WORK TO COMPLETE:
When you output the records, match them exactly and omit any picture they include.

** DATA IN THIS EXERCISE follows **

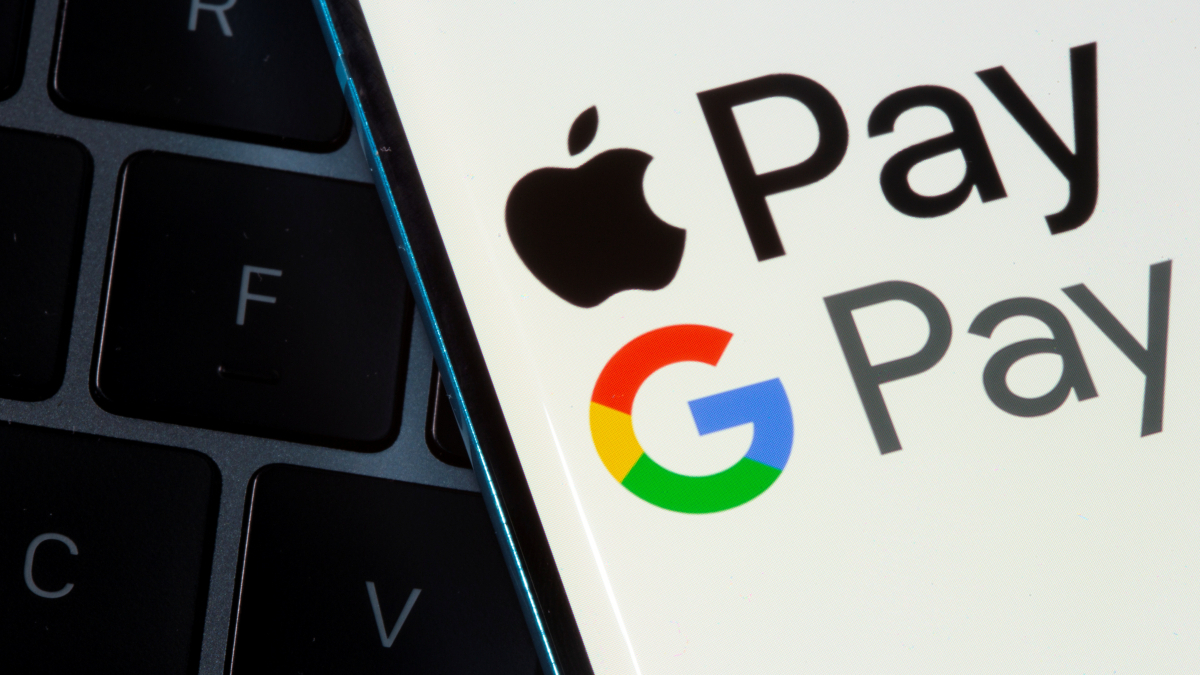Apple Pay and Google Pay launch in Uzbekistan as mobile payments expand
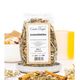 Evvahe 50 gr Doğal Karahindiba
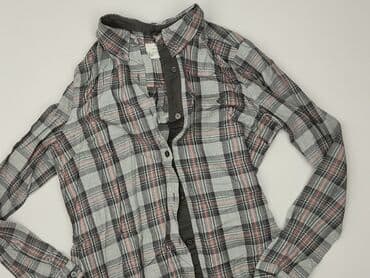 доброго вечора ми з україни t shirty: Next, Сорочка жіноча, розмір L — 1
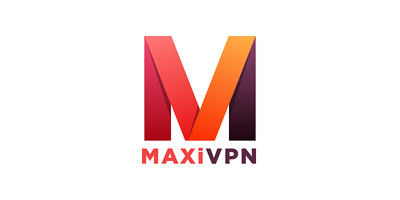 MaxiVPN
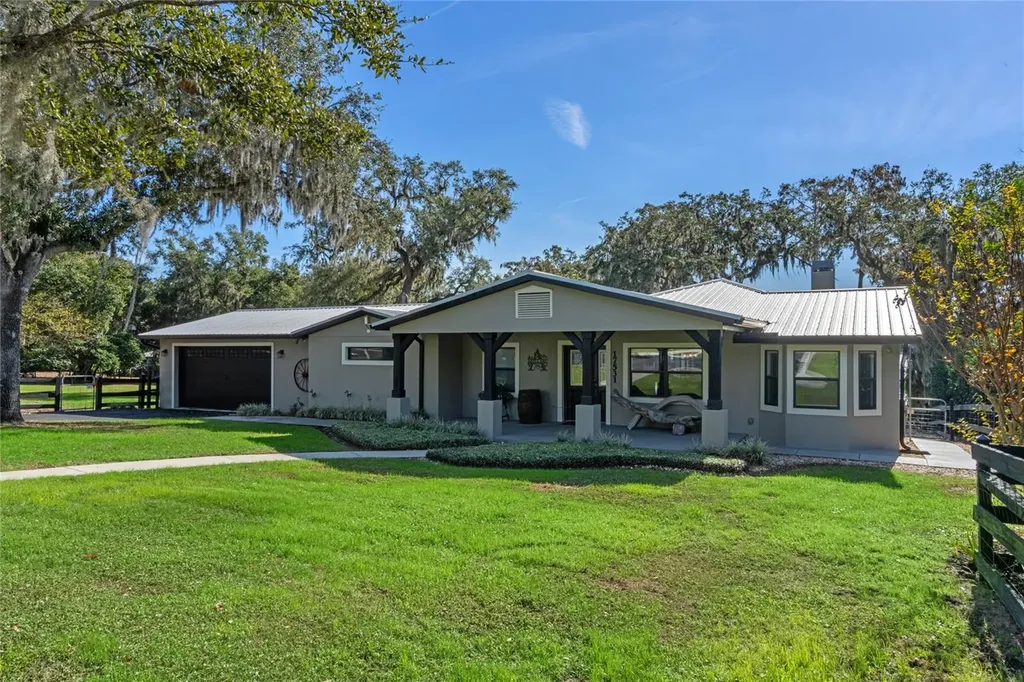 17531 County Road 455 Montverde FL 34756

** End of DATA IN THIS EXERCISE **

ANSWER AREA:
Apple Pay and Google Pay launch in Uzbekistan as mobile payments expand
 Evvahe 50 gr Doğal Karahindiba
 доброго вечора ми з україни t shirty: Next, Сорочка жіноча, розмір L — 1
 MaxiVPN
 17531 County Road 455 Montverde FL 34756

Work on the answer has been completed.